Environmental organisations such as Mackay Conservation Group have focused on preventing the Adani mine from being constructed for several years. We have built a movement of two million people around the country who support organisations that are part of the Stop Adani alliance. That leads some people to wonder why we aren’t focussed on the other mines planned for the Galilee Basin and elsewhere.

In 2012 it appeared that the first cab off the rank would be the GVK-Hancock Alpha mine. It attracted a lot of attention from the environmental movement. That project hasn’t gone anywhere, while Adani has been eyeing off opportunities to open its mine with generous support from taxpayers including low-interest loans and special royalties deals.
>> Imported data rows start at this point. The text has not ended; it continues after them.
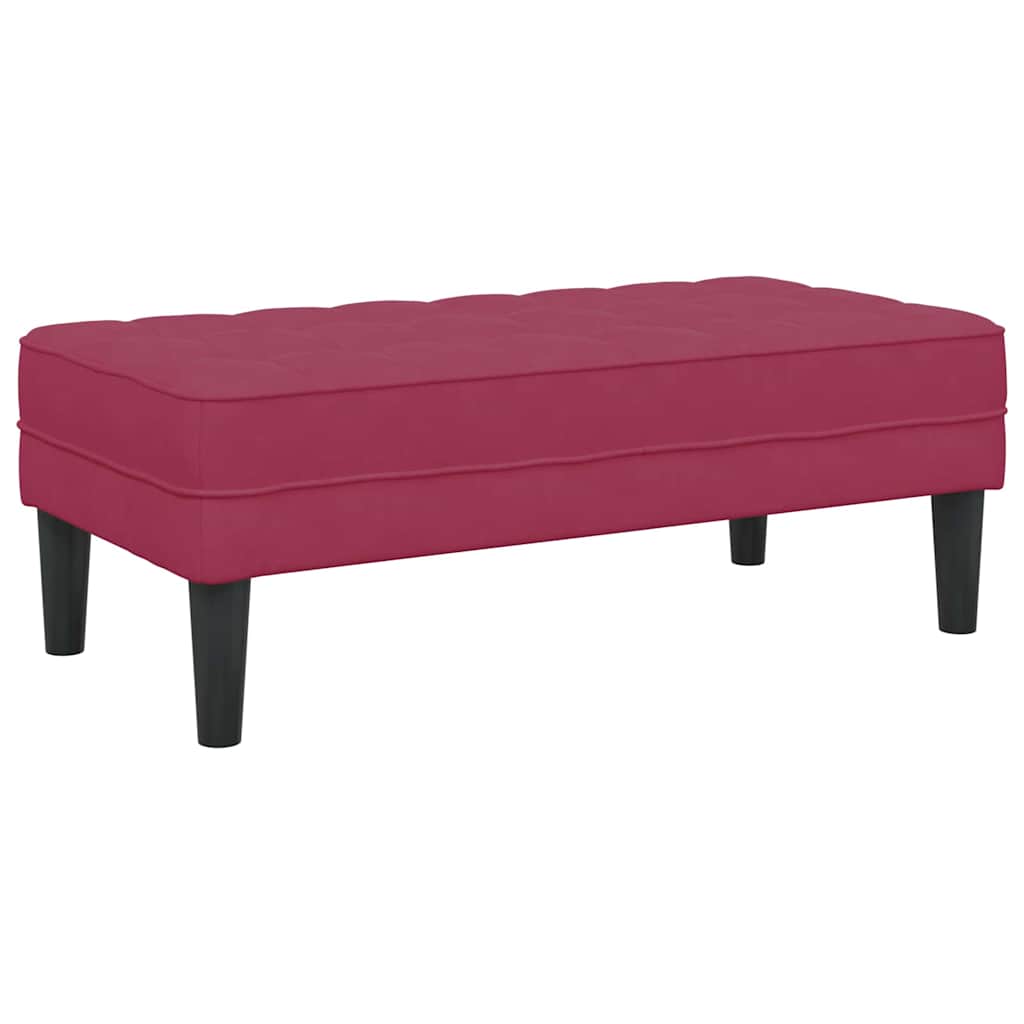 bænk med pude Vinrød 113 x 57 x 39 cm Fløjl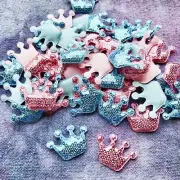 50 pcs Mixed Glitter Sequin Crowns Tiaras pink blue prince princess crafts bows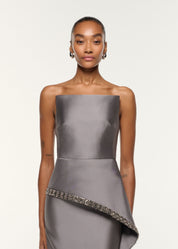 SQUARE NECK PEPLUM TAFFETA GOWN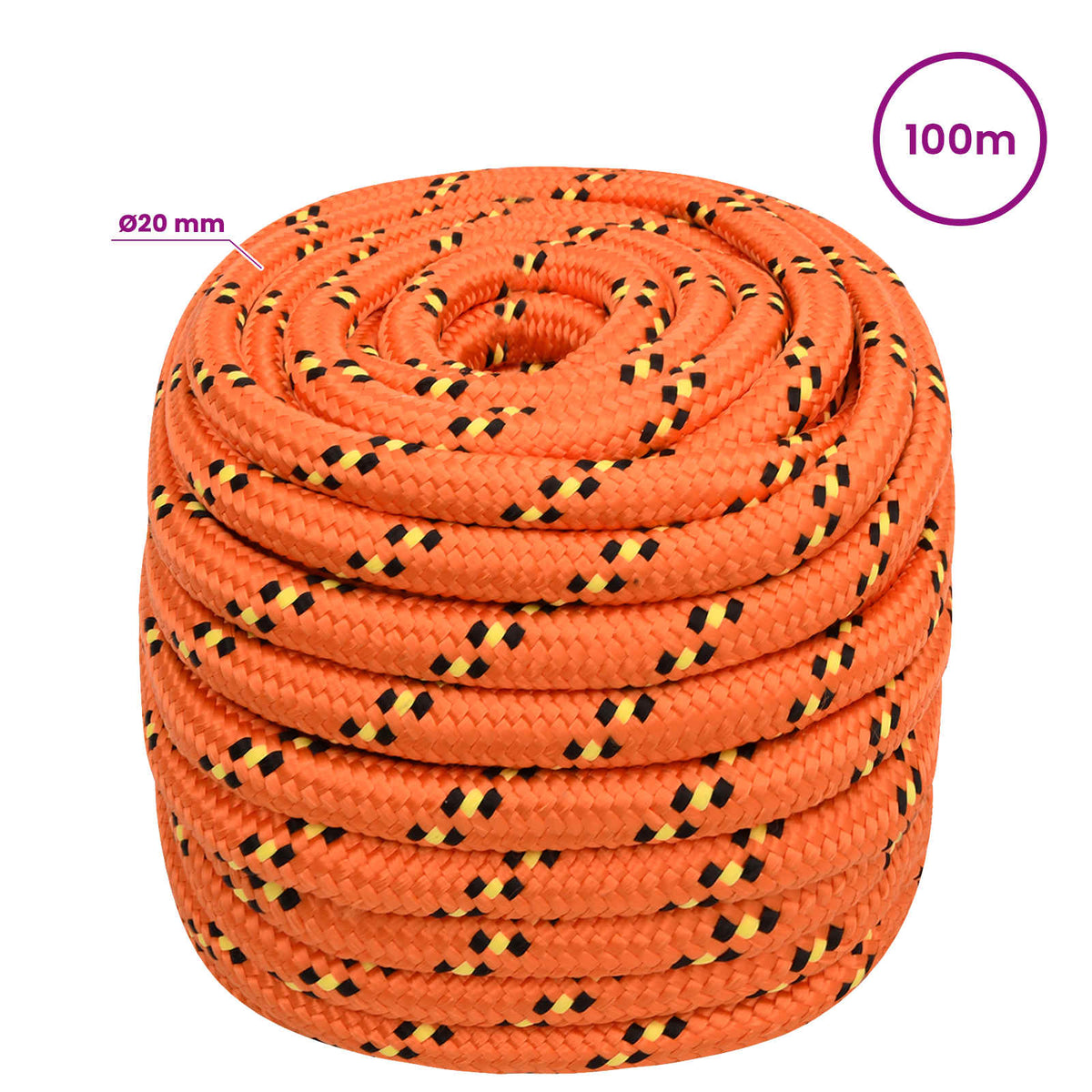 Multipurpose Utility Rope 20 mm 100 m Orange PP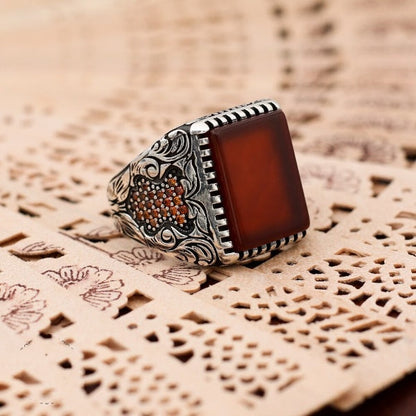 Turkish Handmade Royal Red Agate Silver Luxury Aqeeq Ring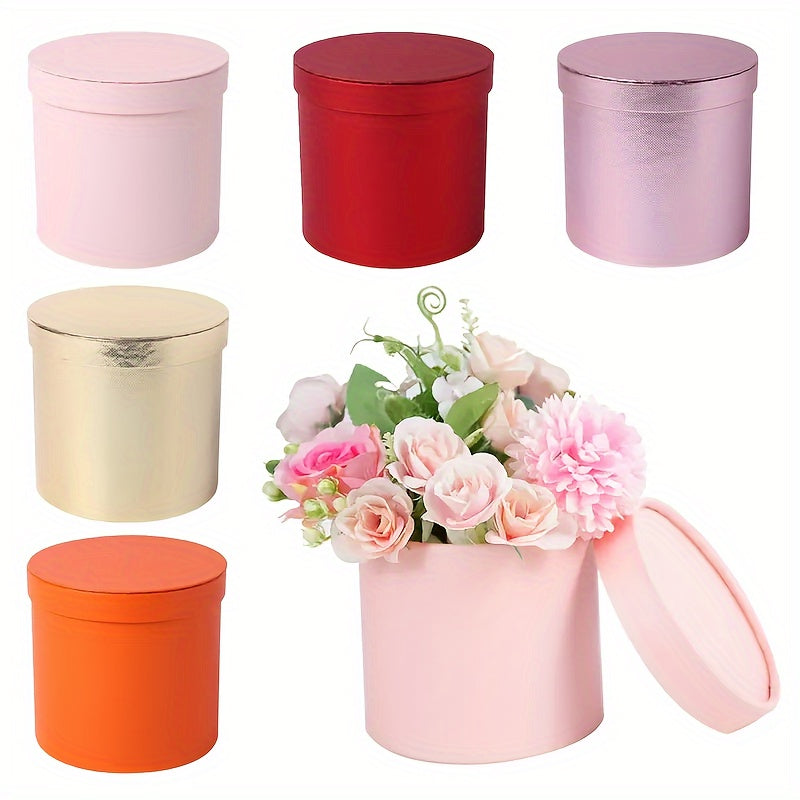 1pc Round Flower Bucket Cardboard Flower Box Bouquet Packaging Florist Supplies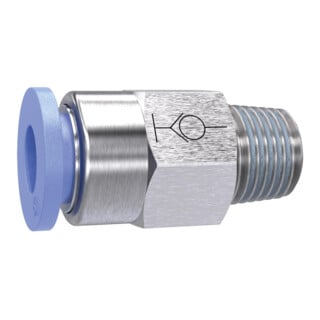 RIEGLER Gerade Steckverschraubung Blaue Serie R 3/8 a, selbstabsperrend R 3/8  inch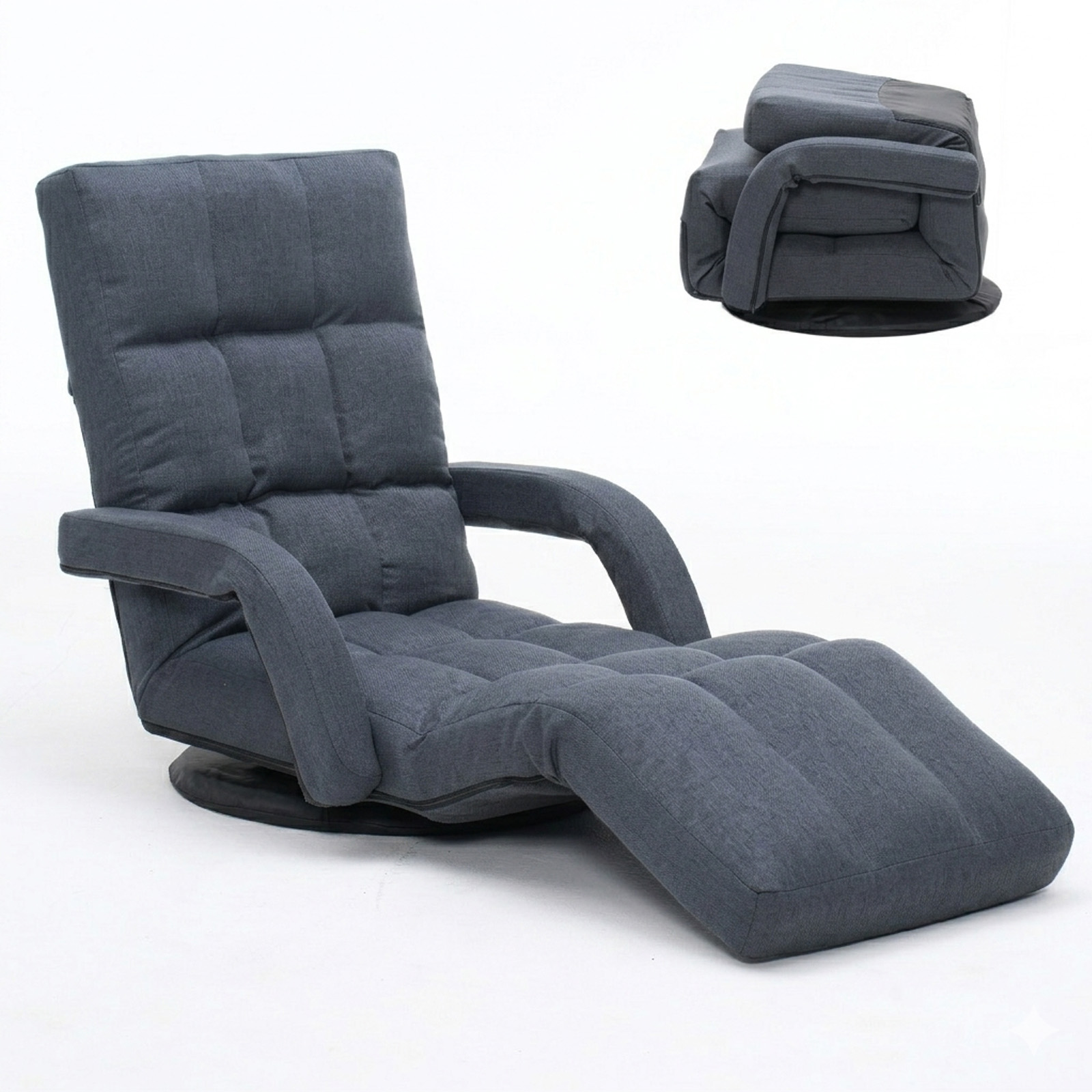 360° Swivel Floor Gaming Chair with Adjustable Footrest, 14-Position Folding Floor Lounger Sofa with Armrests, Reclining Floor Chair for Adults, Reading, Gaming & Relaxing (Brown)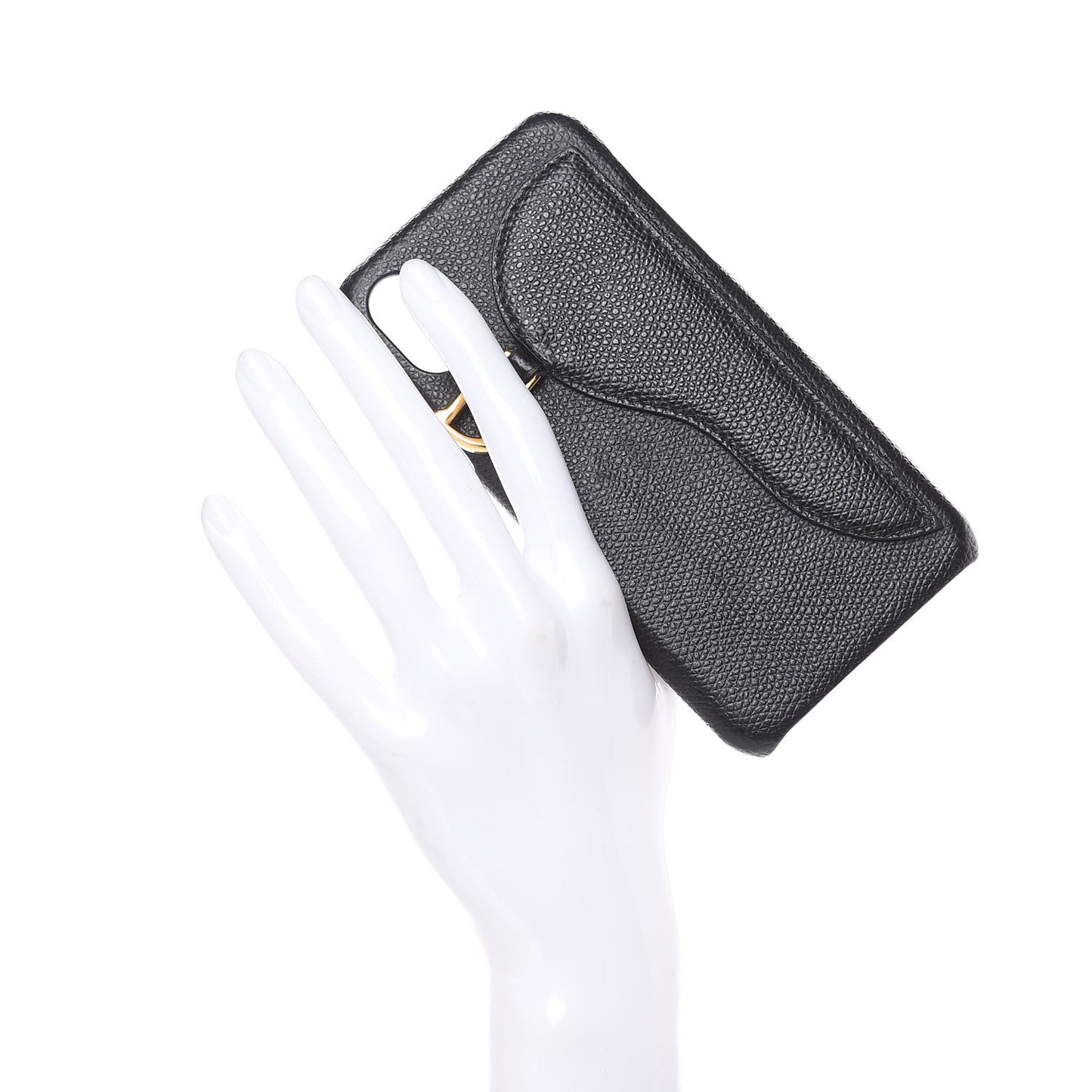 Grained Calfskin Saddle iPhone X Case Black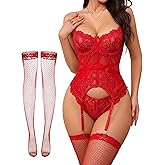 Alrovetoney Sexy Lingerie Set 4pcs Teddy Bodysuit With Bra And Panties & Thigh Highs Corset Bodysuit XS-3XL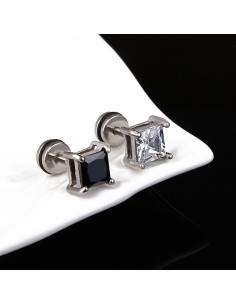 Cercel punk, ear plug fake rotund din otel, cu cristal de zirconie cubica 2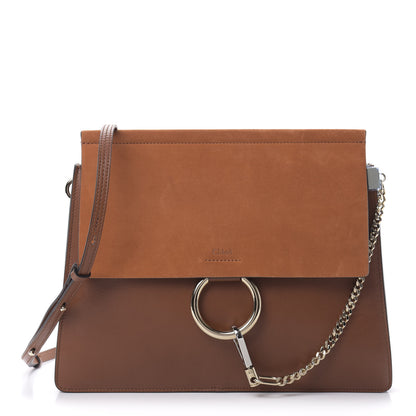 Chloe Suede Calfskin Medium Faye Shoulder Bag Tobacco 1 of 12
If it ever goes ahead, the Adani mine will pave the way for opening up the Galilee Basin to coal mining. The proposed projects in the Galilee Basin would add an additional 300 million tonnes of coal to Queensland’s annual production. Some of those mines have life spans of 150 years. If the Galilee Basin was a country, it would generate more greenhouse gas pollution than all but six nations on Earth.

Burning coal produces carbon dioxide which acts like a blanket on the planet, trapping heat that would normally pass safely through the atmosphere and out into space. It warms the surface of the Earth which in turn causes havoc with rainfall other processes we depend upon for our food and livelihoods.

That’s why Adani has attracted so much attention. Without the Adani mine, it is unlikely that any new coal mines will open in the Galilee Basin and the coal will remain safely in the ground where it won’t cause harm to anyone.

The consensus of scientists around the world is that global warming is real, it’s caused by humans and without urgent action global temperature increases will become out of control. Scientists have calculated that to keep global temperature rises below two degrees will require us to stop burning coal to make electricity within 30 years and we must halve the volume of coking coal burned for steel production.

If we don’t meet those targets then we will be faced with a future where Mackay will be drowned by rising oceans as ice caps melt, we will also suffer through harsher and longer droughts and more intense cyclones. We have no choice but to stop Adani.